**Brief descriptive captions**
╔══

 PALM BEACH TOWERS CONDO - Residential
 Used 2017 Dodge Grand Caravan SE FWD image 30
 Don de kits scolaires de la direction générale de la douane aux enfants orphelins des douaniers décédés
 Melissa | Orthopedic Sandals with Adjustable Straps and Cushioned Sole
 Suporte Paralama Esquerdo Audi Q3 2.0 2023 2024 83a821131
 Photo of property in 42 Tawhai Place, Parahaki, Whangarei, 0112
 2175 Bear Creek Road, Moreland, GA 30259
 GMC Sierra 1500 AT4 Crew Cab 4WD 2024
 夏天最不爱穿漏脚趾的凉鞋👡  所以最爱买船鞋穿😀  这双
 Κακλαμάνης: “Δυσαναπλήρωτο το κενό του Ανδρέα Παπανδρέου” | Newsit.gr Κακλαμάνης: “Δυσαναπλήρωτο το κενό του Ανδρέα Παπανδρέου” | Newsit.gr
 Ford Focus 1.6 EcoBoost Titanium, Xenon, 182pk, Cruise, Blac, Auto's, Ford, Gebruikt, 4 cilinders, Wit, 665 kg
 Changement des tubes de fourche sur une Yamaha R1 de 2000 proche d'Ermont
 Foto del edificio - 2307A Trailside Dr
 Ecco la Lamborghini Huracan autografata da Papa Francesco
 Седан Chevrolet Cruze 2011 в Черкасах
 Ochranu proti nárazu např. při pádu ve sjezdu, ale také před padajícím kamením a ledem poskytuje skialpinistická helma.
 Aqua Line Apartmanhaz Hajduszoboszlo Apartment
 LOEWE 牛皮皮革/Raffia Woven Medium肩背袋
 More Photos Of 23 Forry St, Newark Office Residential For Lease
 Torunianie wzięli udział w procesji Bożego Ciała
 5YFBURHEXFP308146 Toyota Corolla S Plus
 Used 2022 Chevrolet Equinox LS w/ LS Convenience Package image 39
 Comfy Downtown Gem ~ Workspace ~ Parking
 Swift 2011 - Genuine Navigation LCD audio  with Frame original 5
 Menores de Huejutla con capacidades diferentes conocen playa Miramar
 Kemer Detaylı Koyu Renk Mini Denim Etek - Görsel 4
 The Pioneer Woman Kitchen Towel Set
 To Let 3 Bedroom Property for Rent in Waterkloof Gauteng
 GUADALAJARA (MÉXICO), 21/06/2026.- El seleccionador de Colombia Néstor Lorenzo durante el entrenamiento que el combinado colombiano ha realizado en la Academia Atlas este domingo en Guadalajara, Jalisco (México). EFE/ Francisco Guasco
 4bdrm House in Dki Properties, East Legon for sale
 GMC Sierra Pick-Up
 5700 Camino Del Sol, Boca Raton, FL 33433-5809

╚══

**ACTION ITEM**
Find the line with "Swift 2011 - Genuine". Transcribe it and every line after it exactly, through the end of the records above, and nothing else.

**REPLY TO THE EXERCISE**
 Swift 2011 - Genuine Navigation LCD audio  with Frame original 5
 Menores de Huejutla con capacidades diferentes conocen playa Miramar
 Kemer Detaylı Koyu Renk Mini Denim Etek - Görsel 4
 The Pioneer Woman Kitchen Towel Set
 To Let 3 Bedroom Property for Rent in Waterkloof Gauteng
 GUADALAJARA (MÉXICO), 21/06/2026.- El seleccionador de Colombia Néstor Lorenzo durante el entrenamiento que el combinado colombiano ha realizado en la Academia Atlas este domingo en Guadalajara, Jalisco (México). EFE/ Francisco Guasco
 4bdrm House in Dki Properties, East Legon for sale
 GMC Sierra Pick-Up
 5700 Camino Del Sol, Boca Raton, FL 33433-5809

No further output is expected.